- _What you should do_: Setting aside any pictures, reproduce the data exactly.

- _Data block_:
········

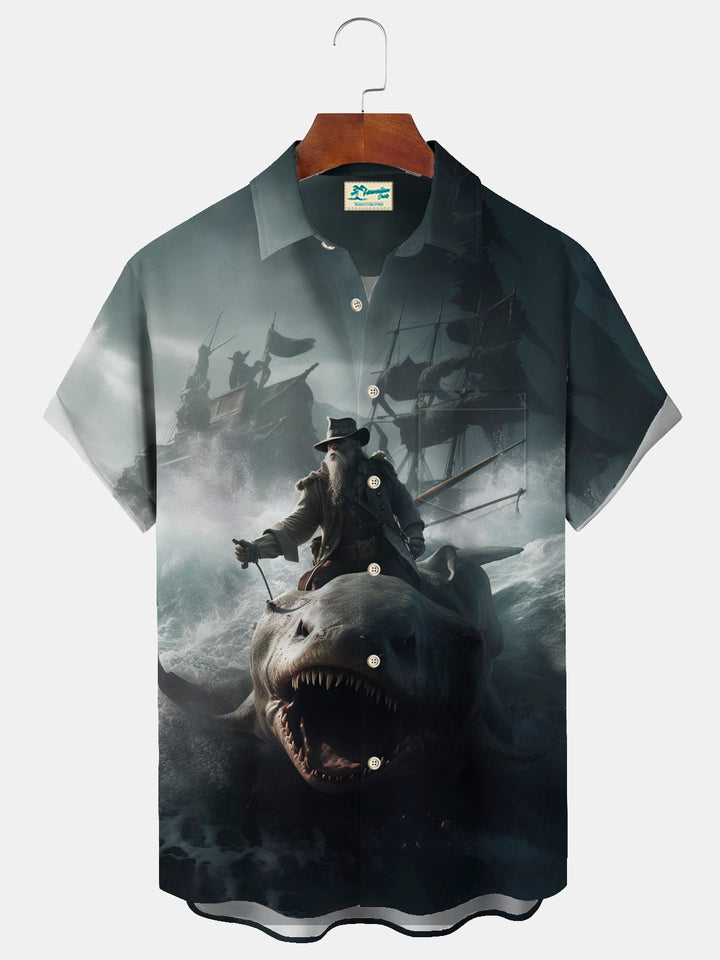 Camisa hawaiana para hombre Alohadaddy Beach Vacation con estampado pirata y bolsillo para acampar, talla grande
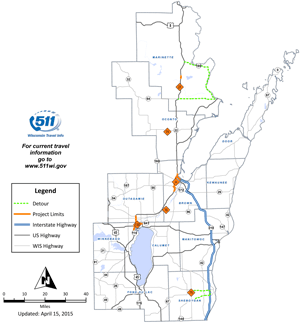 North Central Region work zones and detour map. North Central Region work zones and detour map.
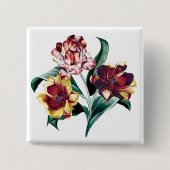 Barock-Tulpen-Blumenmuster Button (Vorderseite)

········

- _Result of this exercise_:
 Camisa hawaiana para hombre Alohadaddy Beach Vacation con estampado pirata y bolsillo para acampar, talla grande
 North Central Region work zones and detour map. North Central Region work zones and detour map.
 Barock-Tulpen-Blumenmuster Button (Vorderseite)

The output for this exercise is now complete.